The "triple goddess" thing offers very little, if anything, new. It's
just the old tripartite Indo-European division with the dingle-dangles
excised.
> Think of truth and fact like circles and squares -
> a square is a circle, with sufficient numbers of sides
> (or however that saying goes - I know I got it wrong).
Wrong. A square is a polygon. A circle is beyond a polygon. It has
transcended infinity. You cannot give a polygon enough sides to *be* a
circle, it can only *approach* a circle. The difference is not merely a
matter of degree.
> Graves' ideas aren't a mishmash - if they were, there
> wouldn't be any reason for the continued importance
They are mishmash. They are somewhat entertaining mishmash, which is
what sustains them.
> his works have played. It wouldn't get anywhere. There
> is a pattern to his thoughts - and they can only be
> understood by thinking of his works as a new
> mythology. Once you can do that, divorcing his words
Why go to the pastichier when the sources are available? Approach Graves
for what he is: A self-important novelist with delusions of grandeur.
When you realize what a comical figure he is, it actually is easier to
get his points. Once in a while, you see some self-realization on his
part of the sheer absurdity of his claims, but then the ego kicks back in.
> I didn't say his ideas held up in a _Greek_ or
> _Celtic_ mythic sense. I only said "mythic" which
When "mythic" is used in this fashion, it is a buzzword for "don't bother
trying to think about it, just accept it unquestioningly and
uncritically." The Emperor has no clothes!

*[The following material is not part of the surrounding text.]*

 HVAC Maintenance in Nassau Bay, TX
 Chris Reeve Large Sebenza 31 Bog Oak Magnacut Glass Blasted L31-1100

> principles. It is it's own mythology, and the ideas of
IE: It's fiction.
> the entire work is flawed. It's not - it's just hidden
> ebhind those flaws, which were manipulated just as a
> poet picks words, or an artist applies colors, to
> create an understanding of a mystery, something that
> is inherently ineffable.
Yeah, it's called a "novel". Graves was too self-important to admit that.
> Let me say it one more time: It is it's OWN MYTH,
> unrelated to any of those sources he used in
> fashioning it.
We call those "novels" or "fictional pastiches". There is no need to put
them onto a pedestal.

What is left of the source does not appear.